| Directions |
Repeat word for word the lines from the top of the records through the line containing "Elle King Offers", and skip the pictures.

| Web page caption snippets |
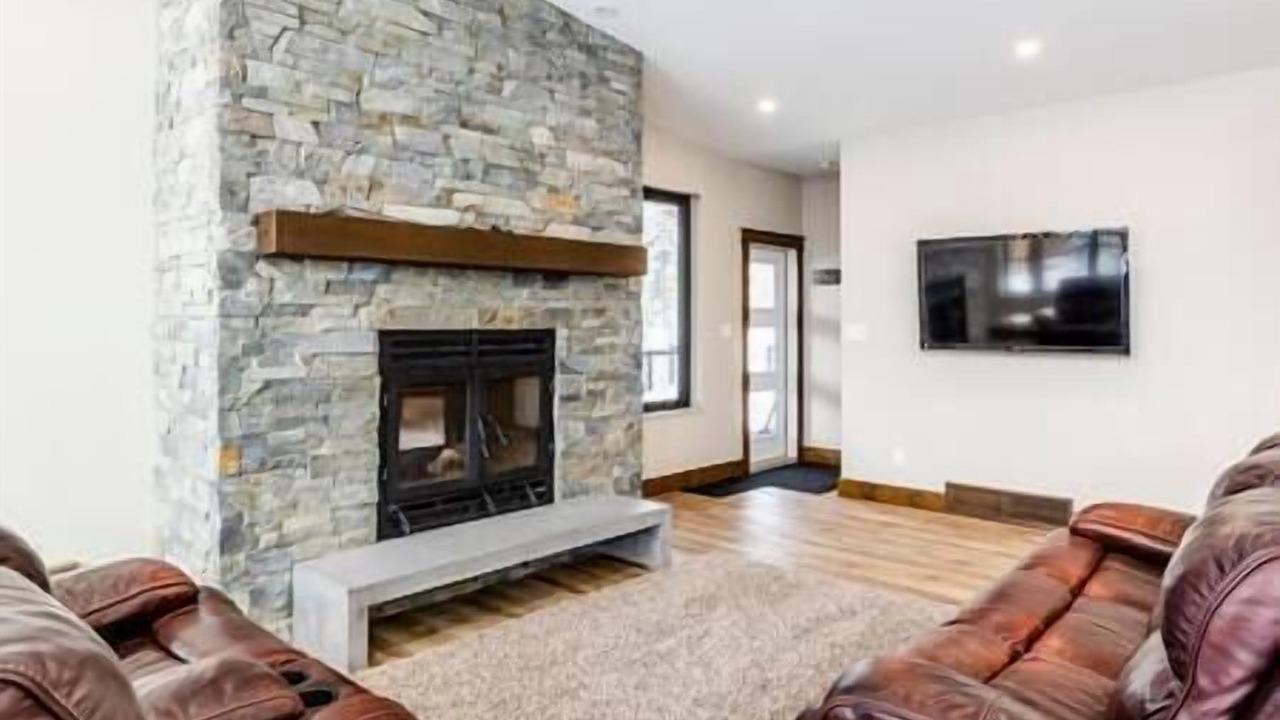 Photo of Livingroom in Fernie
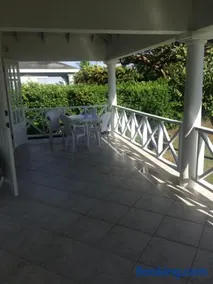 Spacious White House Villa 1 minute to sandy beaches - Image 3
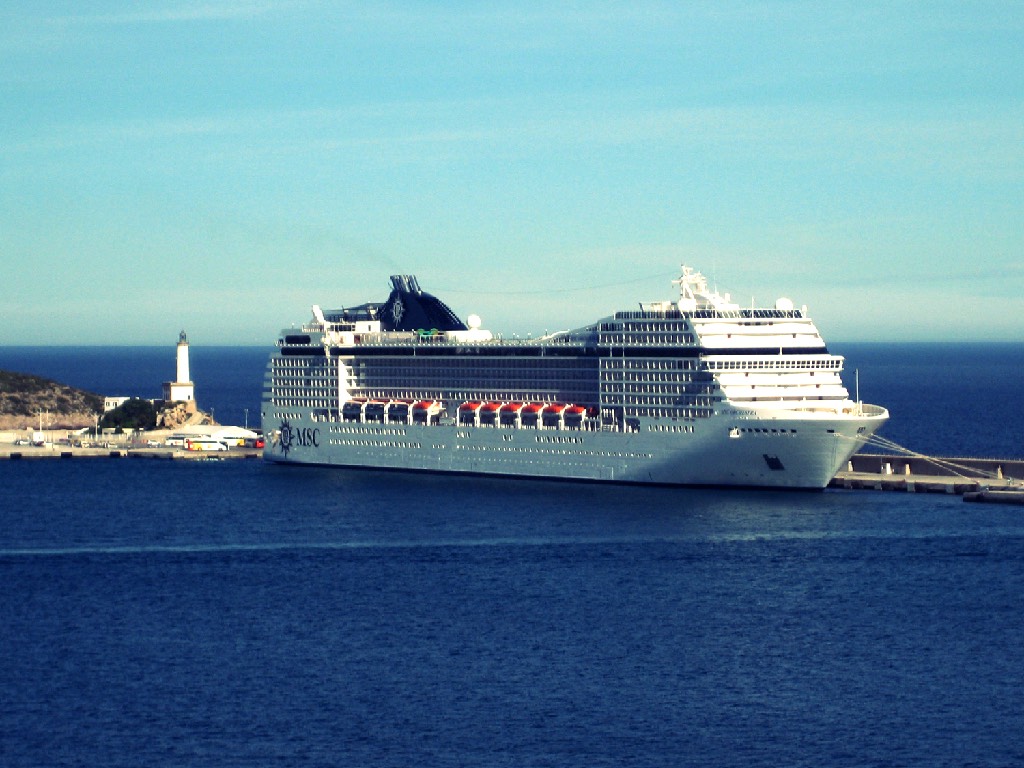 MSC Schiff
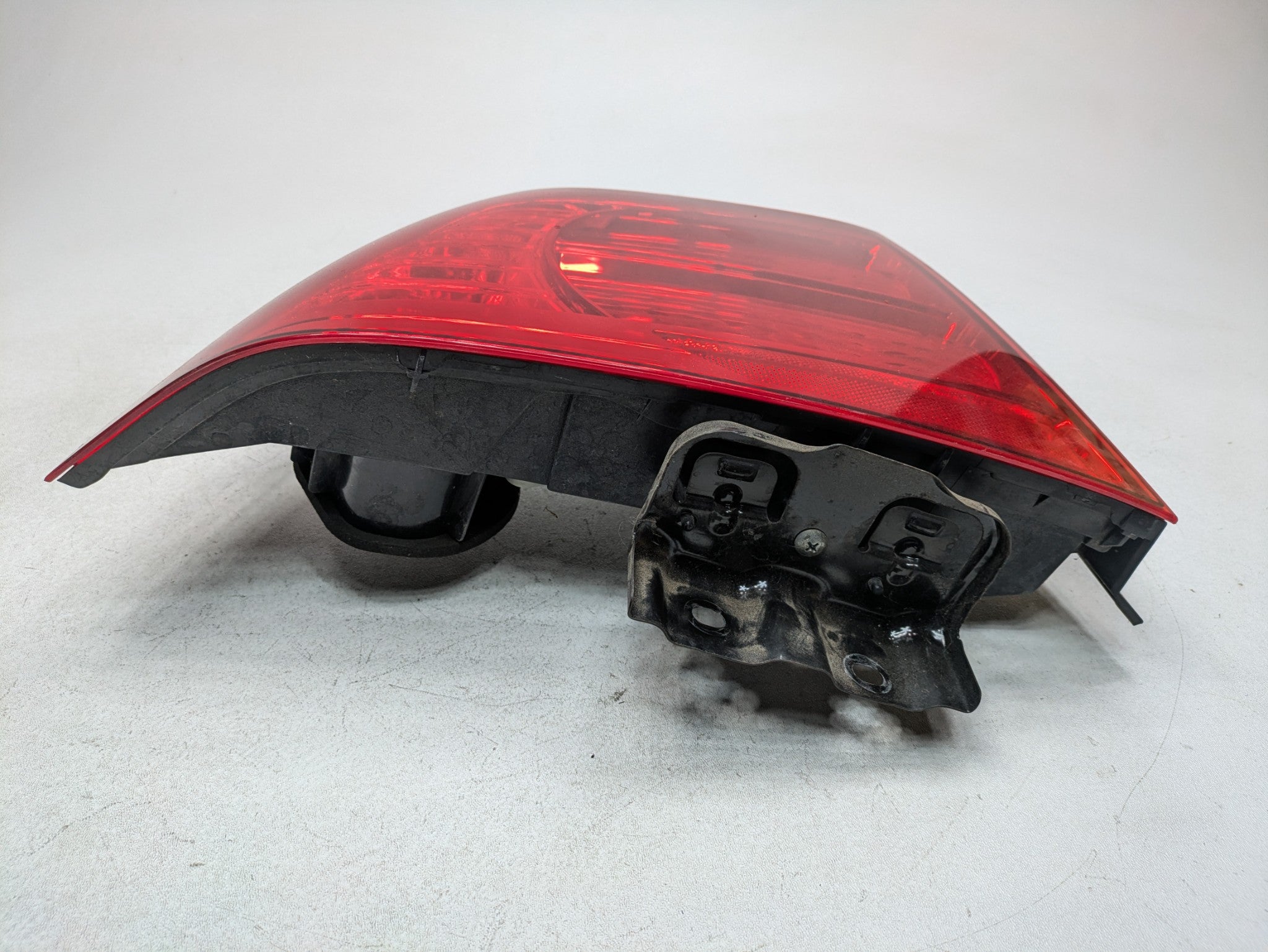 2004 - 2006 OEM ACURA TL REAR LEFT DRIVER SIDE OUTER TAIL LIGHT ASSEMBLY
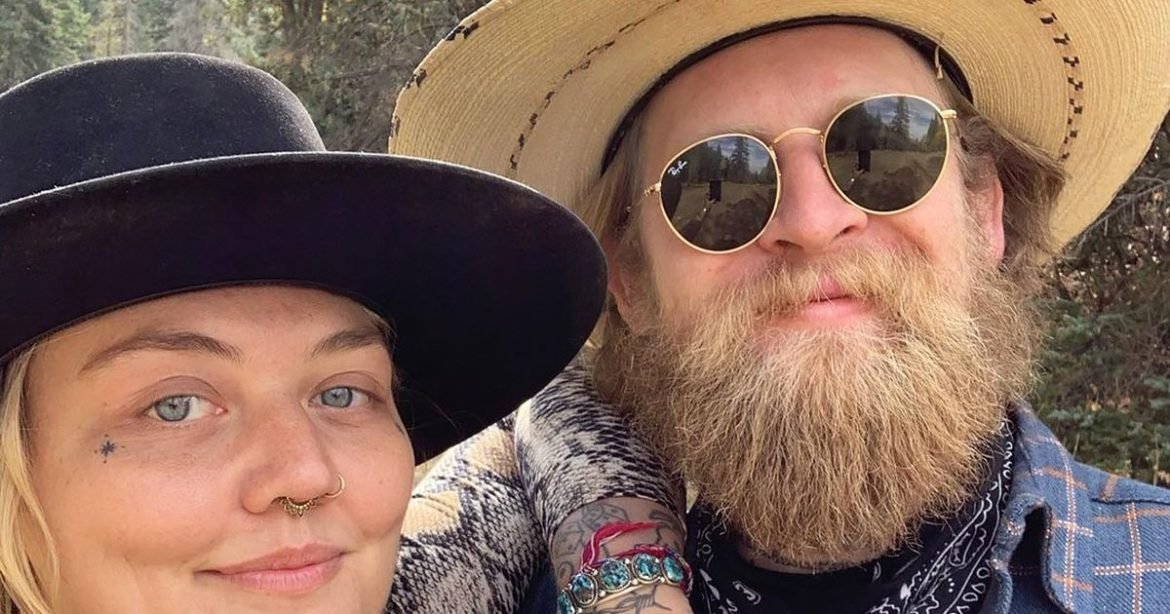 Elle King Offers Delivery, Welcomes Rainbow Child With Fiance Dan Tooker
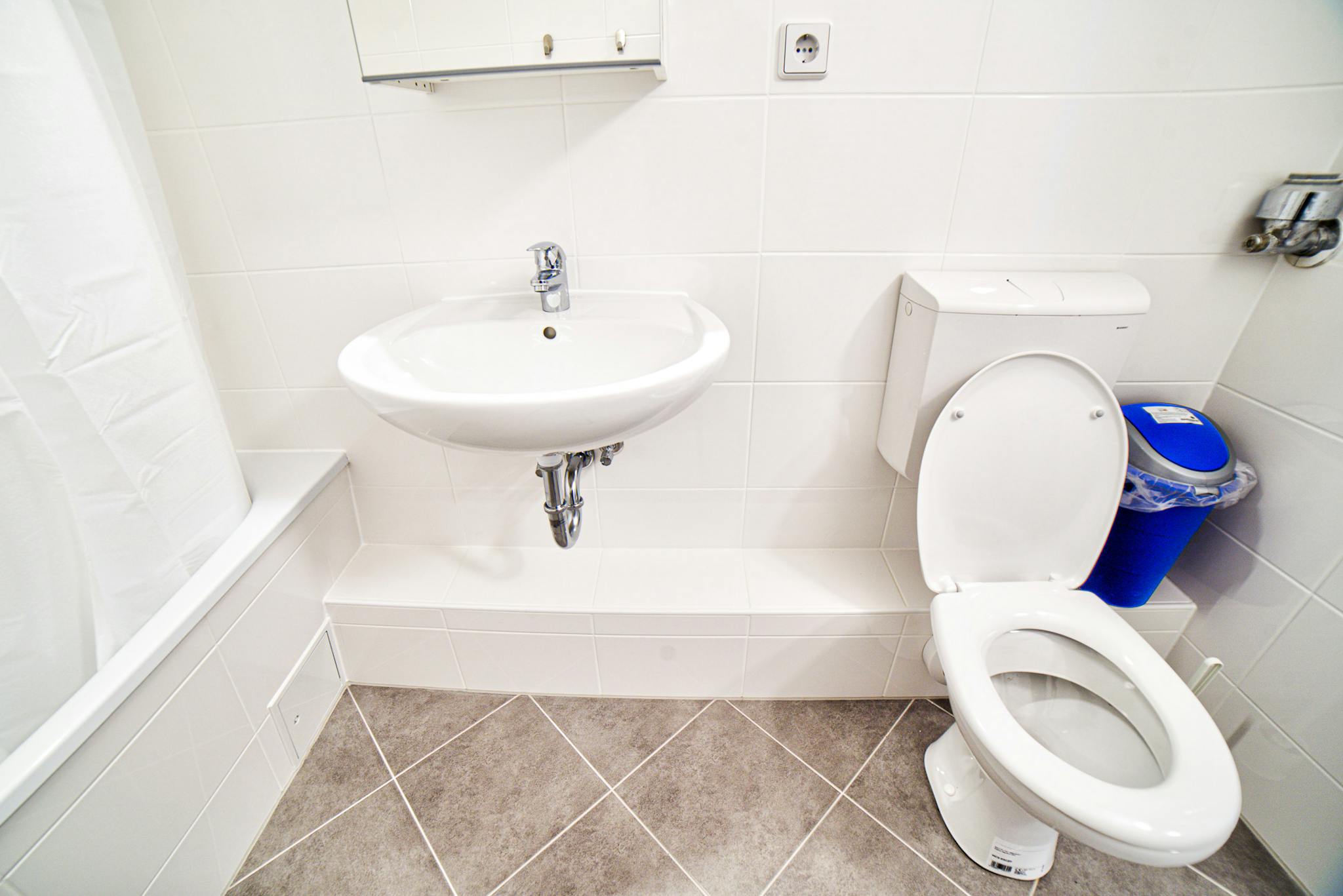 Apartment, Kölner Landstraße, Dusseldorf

| Answer to this problem |
 Photo of Livingroom in Fernie
 Spacious White House Villa 1 minute to sandy beaches - Image 3
 MSC Schiff
 2004 - 2006 OEM ACURA TL REAR LEFT DRIVER SIDE OUTER TAIL LIGHT ASSEMBLY
 Elle King Offers Delivery, Welcomes Rainbow Child With Fiance Dan Tooker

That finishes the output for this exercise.